#1: Based on what I had heard from students and staff that had visited Romania, I imagined a run down country like I had seen on the border from El Paso years ago when I played in the marching band at the Sun Bowl. Romania is not like Mexico's border towns. Life is simple in Romania, particularly in the villages. The pace of life is slower. There's less stuff. But the lack of stuff is filled with character. The people are beautiful. Life is valued for itself.
I realized that I am basically overstimulated all of the time, and because of this I struggle to construct meaning out of anything. This is likely why post-modern philosophy has grasped me. I see and live in the collapse of meaning and context everyday. I obsess over it because its important. The existentialists realized that life is absurd and that we had to rebel against the absurdity by, in some sense, embracing it with defiance. In the post-modern world, absurdity is multiplied by the rapid and decentralized deconstruction of meaning by the market place.
I cried on the plane on the return trip to the United States when I think of the conversation I had when I was told by one of the translators that she wished she could adopt one of the orphans, or at least take care of one during the summer. There was something about how she said it, where, for the first time in my life I saw someone talk about having a child not for her sake - but completely for the child. The selfless aching in her eyes was beautiful and hurt me and for the first time ever I suddenly realized that there's this large part of me that really wants a family of my own and I started to see what family can mean.

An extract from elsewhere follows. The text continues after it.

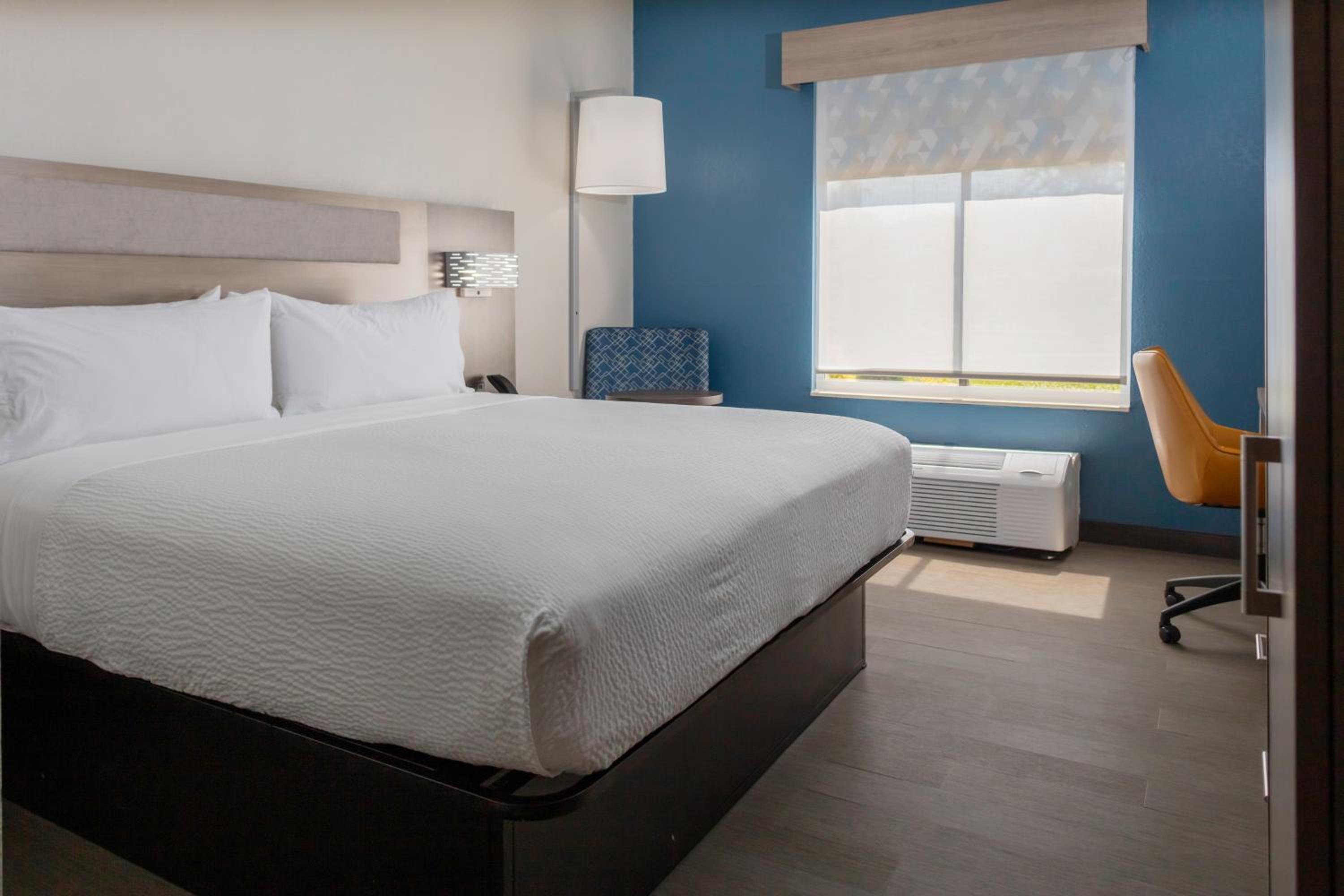 Standard Room - Photo 9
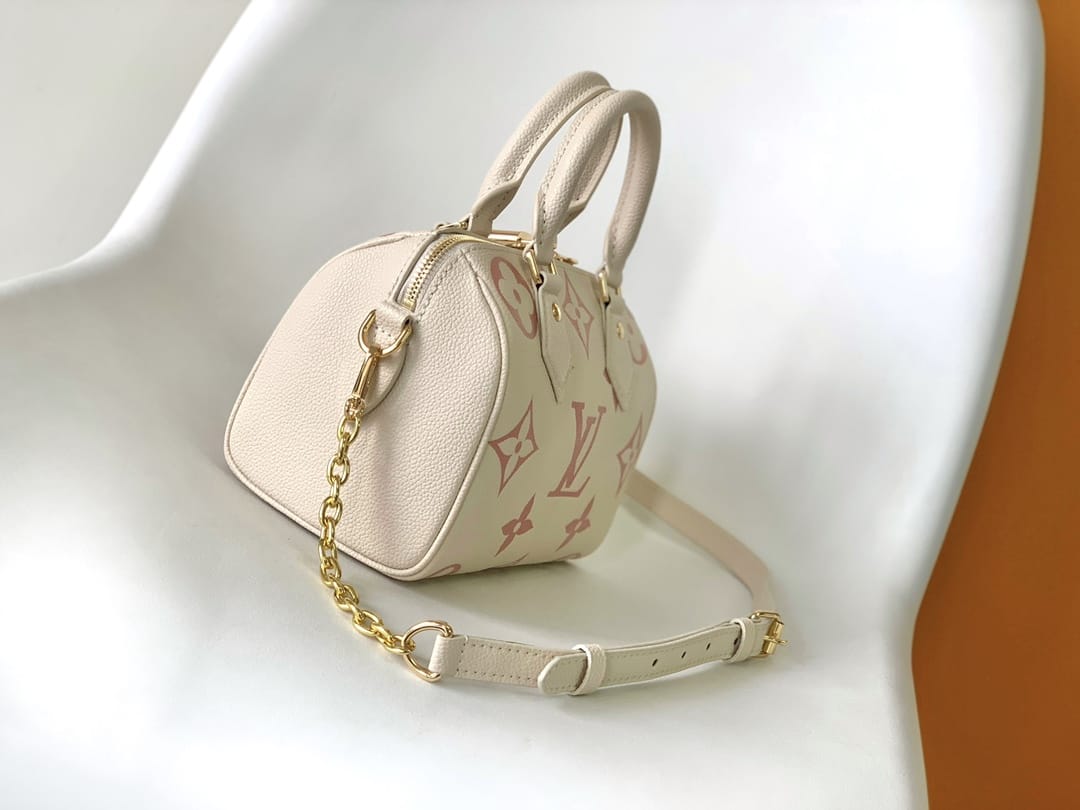 Louis Vuitton Speedy Bandoulière 20 Handle Shoulder Bag in Bicolor Monogram Leather - Latte/Chamallow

#2: The pain of major tragedies has crippled my sensitivities to simple human-to-human interactions. I think of Rwanda, Bosnia, Kosovo, Darfur, AIDS in Africa, poverty and the World Bank's investment in continuing the structural conditions that maintain institutional 3rd world status, the WTO's investment in capital over humanity, oil, health care, war in Iraq, Afghanistan, and every other major failing by governmental and economic structures that leaves large numbers of people in pain, misery, or death. I am haunted by what I know, and yet endlessly angered and motivated to learn as much as possible to honor those in those conditions, educate as many people as possible and push to create changes in policy in any way I can.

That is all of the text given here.